What to produce
Nothing is needed except the lines below that run from the one with "Scaun de dining" through the one with "- Mirror - 3", repeated exactly.

Records provided
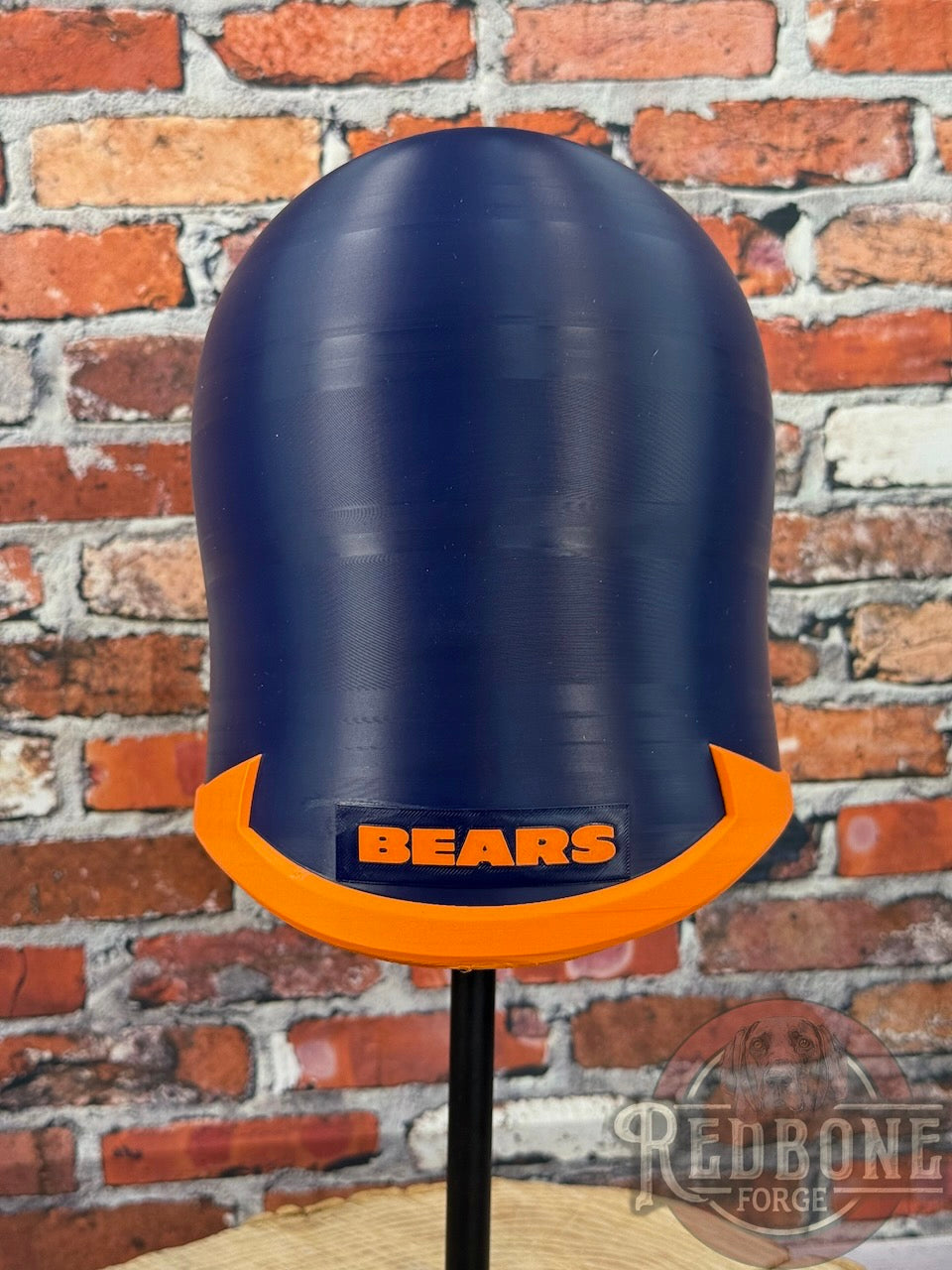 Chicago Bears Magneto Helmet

* * *

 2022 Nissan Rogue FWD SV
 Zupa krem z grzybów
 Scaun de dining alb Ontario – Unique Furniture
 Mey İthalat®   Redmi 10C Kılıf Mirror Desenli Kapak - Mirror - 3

Task response
 Scaun de dining alb Ontario – Unique Furniture
 Mey İthalat®   Redmi 10C Kılıf Mirror Desenli Kapak - Mirror - 3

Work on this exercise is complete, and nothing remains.